INTER-REGIONAL NEGOTIATING GROUP
COMPLIANCE WITH ABS LEGISLATION (ARTICLE 12): Paragraph 1: Delegates focused on text concerning parties’ measures to ensure that utilization of genetic resources within their jurisdiction is in compliance with the legislation of the provider country or the country of origin. Stressing linkages with article 5 (access), the EU proposed new text requesting parties to apply appropriate, effective and proportionate measures to natural or legal persons who misappropriate a genetic resource in the jurisdiction of another party, as well as to persons who, on its territory, intentionally or negligently acquire or use a genetic resource that has been misappropriated. GRULAC preferred requiring parties to apply measures to permit effective action against any infringement of the protocol and the CBD, arguing that reference to misappropriation limits measures to criminal sanctions.

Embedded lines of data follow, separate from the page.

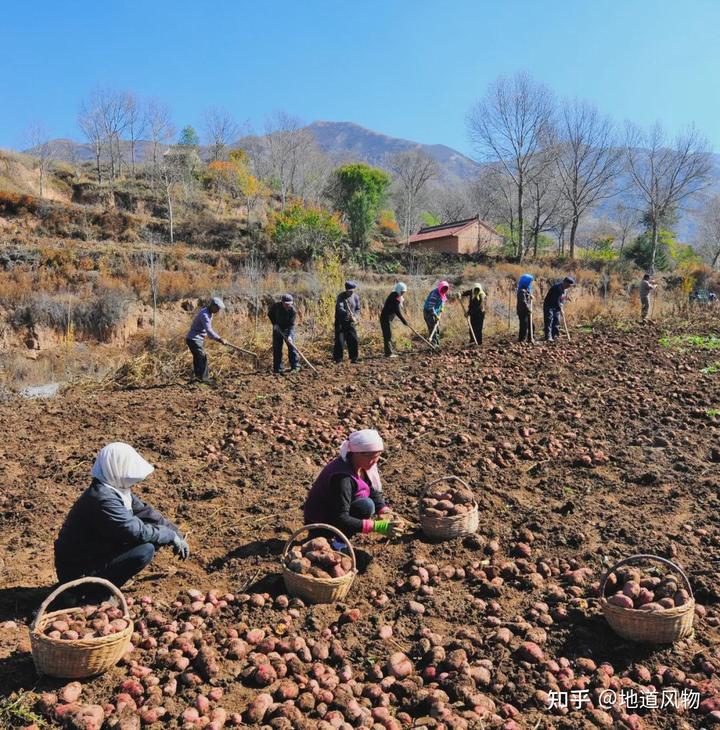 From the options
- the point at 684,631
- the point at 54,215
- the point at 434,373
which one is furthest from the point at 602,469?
the point at 54,215

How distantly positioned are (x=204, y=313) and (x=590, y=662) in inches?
291

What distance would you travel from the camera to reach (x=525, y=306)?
1173cm

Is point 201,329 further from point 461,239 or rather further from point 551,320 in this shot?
point 461,239

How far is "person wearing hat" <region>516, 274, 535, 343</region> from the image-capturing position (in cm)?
1139

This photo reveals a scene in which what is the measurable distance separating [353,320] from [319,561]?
7.14 m

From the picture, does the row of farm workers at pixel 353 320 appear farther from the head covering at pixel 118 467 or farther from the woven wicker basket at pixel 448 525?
the head covering at pixel 118 467

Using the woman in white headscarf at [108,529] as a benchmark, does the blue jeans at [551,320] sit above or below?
above

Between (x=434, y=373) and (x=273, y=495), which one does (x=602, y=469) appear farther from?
(x=434, y=373)

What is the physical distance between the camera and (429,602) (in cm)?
336

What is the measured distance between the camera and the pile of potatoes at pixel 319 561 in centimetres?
335

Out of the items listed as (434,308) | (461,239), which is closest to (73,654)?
(434,308)

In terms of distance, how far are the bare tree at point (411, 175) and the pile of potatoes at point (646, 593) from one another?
4614 cm

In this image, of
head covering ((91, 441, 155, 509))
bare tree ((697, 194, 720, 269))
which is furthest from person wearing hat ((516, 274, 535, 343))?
bare tree ((697, 194, 720, 269))

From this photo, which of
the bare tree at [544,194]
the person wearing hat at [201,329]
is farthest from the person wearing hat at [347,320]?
the bare tree at [544,194] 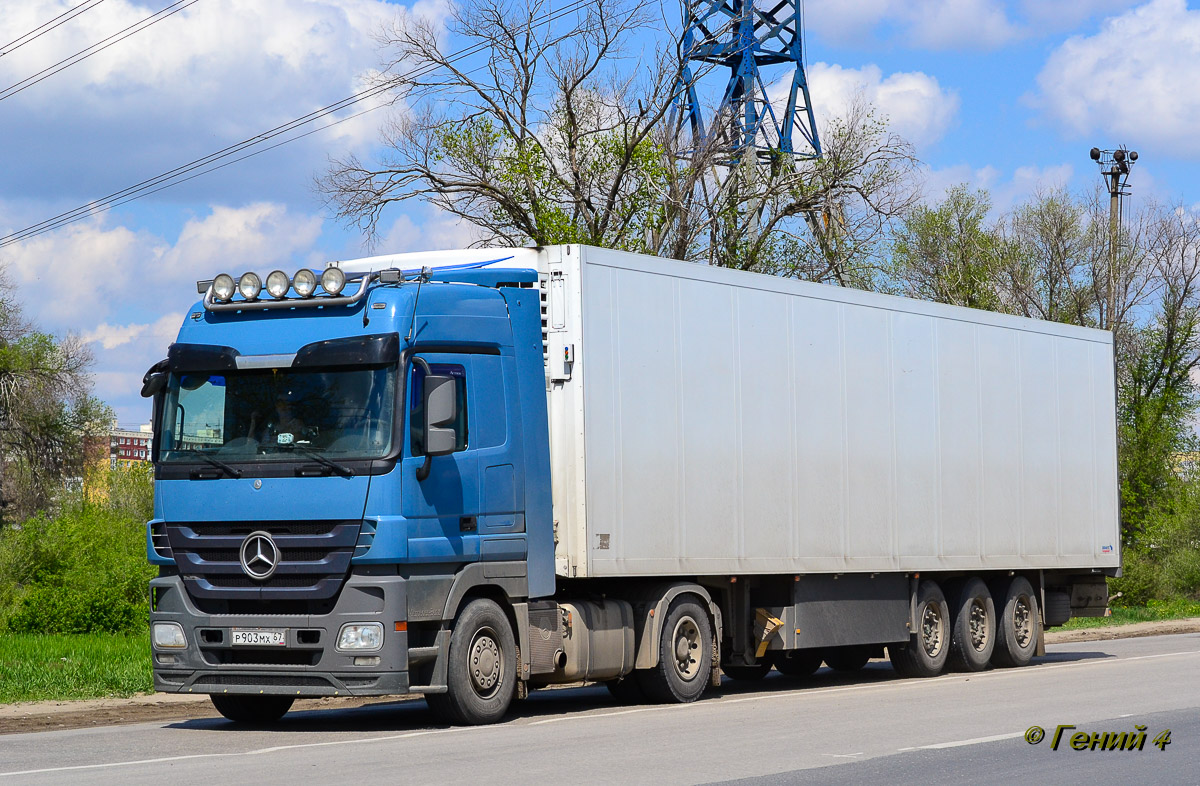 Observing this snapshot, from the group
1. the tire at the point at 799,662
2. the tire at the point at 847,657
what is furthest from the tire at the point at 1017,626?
the tire at the point at 799,662

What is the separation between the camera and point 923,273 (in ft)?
153

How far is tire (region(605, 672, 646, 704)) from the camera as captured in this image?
13.7 meters

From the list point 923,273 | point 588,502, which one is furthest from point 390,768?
point 923,273

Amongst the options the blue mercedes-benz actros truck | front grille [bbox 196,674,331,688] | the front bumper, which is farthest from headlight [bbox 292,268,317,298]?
front grille [bbox 196,674,331,688]

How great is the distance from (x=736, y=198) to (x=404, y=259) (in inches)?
693

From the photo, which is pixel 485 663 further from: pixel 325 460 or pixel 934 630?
pixel 934 630

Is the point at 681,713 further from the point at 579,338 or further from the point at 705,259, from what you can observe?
the point at 705,259

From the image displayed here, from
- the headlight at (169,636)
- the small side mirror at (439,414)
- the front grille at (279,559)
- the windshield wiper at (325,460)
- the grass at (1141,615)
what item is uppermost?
the small side mirror at (439,414)

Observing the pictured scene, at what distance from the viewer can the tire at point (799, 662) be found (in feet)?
57.4

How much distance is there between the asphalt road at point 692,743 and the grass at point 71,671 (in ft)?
9.65

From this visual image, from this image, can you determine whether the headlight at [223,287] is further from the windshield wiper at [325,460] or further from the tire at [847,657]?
the tire at [847,657]

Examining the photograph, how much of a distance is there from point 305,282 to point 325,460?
1479mm

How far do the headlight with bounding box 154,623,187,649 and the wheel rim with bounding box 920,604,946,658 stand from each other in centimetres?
930

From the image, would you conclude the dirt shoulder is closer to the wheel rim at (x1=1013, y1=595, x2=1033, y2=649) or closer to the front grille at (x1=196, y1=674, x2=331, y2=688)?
the front grille at (x1=196, y1=674, x2=331, y2=688) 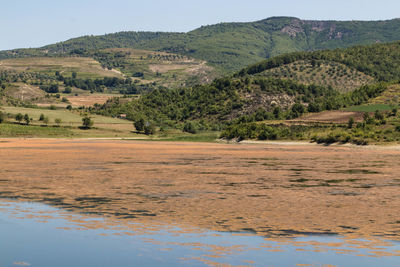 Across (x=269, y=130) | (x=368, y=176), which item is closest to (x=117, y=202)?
(x=368, y=176)

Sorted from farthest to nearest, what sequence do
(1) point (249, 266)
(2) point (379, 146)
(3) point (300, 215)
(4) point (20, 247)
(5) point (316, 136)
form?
1. (5) point (316, 136)
2. (2) point (379, 146)
3. (3) point (300, 215)
4. (4) point (20, 247)
5. (1) point (249, 266)

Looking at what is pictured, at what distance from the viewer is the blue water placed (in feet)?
53.9

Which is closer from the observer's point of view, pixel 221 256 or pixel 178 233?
pixel 221 256

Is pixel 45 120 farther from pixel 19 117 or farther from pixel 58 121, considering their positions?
pixel 19 117

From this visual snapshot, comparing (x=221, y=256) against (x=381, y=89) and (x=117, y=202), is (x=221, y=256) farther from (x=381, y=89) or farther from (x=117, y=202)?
(x=381, y=89)

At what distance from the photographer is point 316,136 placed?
121 meters

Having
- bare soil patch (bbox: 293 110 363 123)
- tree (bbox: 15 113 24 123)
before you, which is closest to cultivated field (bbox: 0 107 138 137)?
tree (bbox: 15 113 24 123)

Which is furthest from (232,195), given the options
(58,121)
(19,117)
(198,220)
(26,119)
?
(58,121)

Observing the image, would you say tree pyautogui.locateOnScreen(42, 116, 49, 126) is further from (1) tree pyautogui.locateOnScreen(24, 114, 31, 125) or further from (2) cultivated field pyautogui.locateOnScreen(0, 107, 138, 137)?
(1) tree pyautogui.locateOnScreen(24, 114, 31, 125)

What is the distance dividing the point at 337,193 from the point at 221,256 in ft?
61.5

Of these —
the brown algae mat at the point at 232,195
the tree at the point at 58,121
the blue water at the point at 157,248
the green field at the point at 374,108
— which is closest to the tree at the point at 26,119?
the tree at the point at 58,121

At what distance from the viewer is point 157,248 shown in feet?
59.6

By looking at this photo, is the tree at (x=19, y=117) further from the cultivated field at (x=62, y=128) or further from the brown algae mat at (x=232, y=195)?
the brown algae mat at (x=232, y=195)

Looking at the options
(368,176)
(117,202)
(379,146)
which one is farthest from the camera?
(379,146) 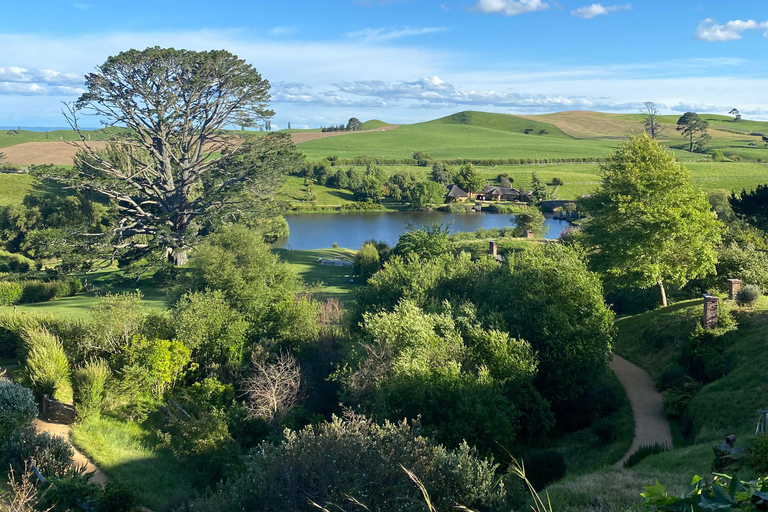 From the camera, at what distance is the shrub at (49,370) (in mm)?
17406

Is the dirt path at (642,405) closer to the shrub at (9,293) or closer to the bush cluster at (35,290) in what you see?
the bush cluster at (35,290)

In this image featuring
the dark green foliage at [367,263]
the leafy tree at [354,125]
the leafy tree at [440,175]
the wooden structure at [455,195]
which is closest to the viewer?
the dark green foliage at [367,263]

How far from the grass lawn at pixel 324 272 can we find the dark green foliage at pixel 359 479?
1930cm

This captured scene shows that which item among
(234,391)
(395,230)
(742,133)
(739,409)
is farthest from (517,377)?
(742,133)

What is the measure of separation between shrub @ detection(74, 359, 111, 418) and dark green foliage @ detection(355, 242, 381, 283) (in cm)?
1960

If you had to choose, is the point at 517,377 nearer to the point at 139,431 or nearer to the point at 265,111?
the point at 139,431

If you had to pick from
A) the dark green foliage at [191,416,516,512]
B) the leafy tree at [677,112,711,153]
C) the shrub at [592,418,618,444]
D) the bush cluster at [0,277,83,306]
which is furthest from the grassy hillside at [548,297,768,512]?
the leafy tree at [677,112,711,153]

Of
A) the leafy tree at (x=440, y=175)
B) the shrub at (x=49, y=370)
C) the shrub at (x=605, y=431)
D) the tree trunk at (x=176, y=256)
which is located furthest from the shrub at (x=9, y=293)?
the leafy tree at (x=440, y=175)

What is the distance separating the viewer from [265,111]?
39.9 metres

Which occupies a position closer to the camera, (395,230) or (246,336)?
(246,336)

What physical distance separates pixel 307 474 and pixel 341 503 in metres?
0.83

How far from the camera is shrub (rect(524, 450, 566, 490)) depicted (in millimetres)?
13023

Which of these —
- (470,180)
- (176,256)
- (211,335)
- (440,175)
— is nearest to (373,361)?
(211,335)

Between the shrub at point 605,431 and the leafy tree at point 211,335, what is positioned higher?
the leafy tree at point 211,335
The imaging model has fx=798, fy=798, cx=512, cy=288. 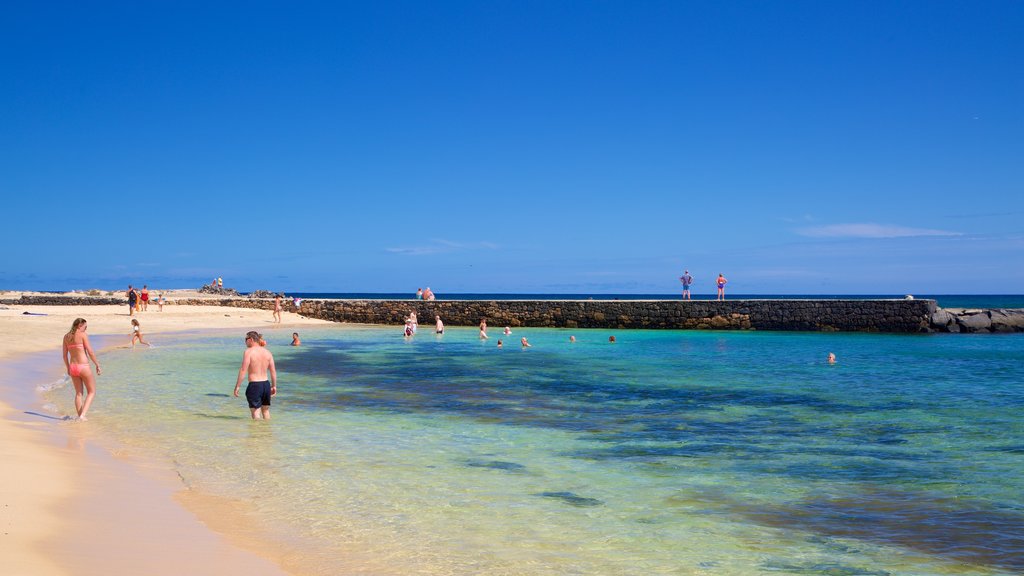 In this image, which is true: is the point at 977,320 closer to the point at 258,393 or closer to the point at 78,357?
the point at 258,393

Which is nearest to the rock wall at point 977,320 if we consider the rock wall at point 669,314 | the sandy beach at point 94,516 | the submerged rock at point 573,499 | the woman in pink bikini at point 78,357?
the rock wall at point 669,314

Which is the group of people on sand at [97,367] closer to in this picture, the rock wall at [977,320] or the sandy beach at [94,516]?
the sandy beach at [94,516]

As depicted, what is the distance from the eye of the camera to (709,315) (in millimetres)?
35906

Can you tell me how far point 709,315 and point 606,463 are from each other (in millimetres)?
27868

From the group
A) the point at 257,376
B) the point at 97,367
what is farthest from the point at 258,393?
the point at 97,367

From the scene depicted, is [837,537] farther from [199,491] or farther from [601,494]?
[199,491]

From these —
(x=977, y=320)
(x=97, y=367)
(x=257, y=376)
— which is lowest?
A: (x=257, y=376)

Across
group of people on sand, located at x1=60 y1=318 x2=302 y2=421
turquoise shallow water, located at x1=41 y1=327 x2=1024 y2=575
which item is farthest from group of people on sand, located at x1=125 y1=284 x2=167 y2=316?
group of people on sand, located at x1=60 y1=318 x2=302 y2=421

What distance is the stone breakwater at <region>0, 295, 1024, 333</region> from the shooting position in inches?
1352

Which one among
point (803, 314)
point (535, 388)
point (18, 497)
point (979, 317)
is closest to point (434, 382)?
point (535, 388)

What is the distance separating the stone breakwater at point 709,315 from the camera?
34344 mm

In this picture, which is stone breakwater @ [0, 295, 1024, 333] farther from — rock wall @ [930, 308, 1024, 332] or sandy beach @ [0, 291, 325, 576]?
sandy beach @ [0, 291, 325, 576]

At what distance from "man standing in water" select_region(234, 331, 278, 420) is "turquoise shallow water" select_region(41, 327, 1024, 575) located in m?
0.38

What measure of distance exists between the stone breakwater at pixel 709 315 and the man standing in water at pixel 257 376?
2652 centimetres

The LMMC and LIKE-MINDED ASIA PACIFIC proposed deciding first whether to work on the original text in the revised draft or the EU proposal. GRULAC and the AFRICAN GROUP preferred the original text, with the AFRICAN GROUP recalling their requested reference to traditional knowledge (TK) along with genetic resources and compliance with international legislation on ABS to address the case of countries with no national ABS legislation. The EU eventually agreed to work on that basis, noting that their proposal on misappropriation gives clarity on user country measures and needs to be reflected in the text. CANADA also noted that text on misappropriation would provide clarity for domestic implementation. Urging delegates not to lose sight of the benefit-sharing obligation, NORWAY drew attention to the role of the state in enforcing mutually agreed terms (MAT). The AFRICAN GROUP clarified that the provision deals with genetic resource utilization, rather than simply possession, without prior informed consent (PIC) and MAT, and called on delegates to avoid a debate on the definition of misappropriation.
The LIKE-MINDED ASIA PACIFIC proposed, and delegates agreed, to state that parties “provide for,” rather than “aim to ensure” or “ensure,” use in accordance with PIC and MAT.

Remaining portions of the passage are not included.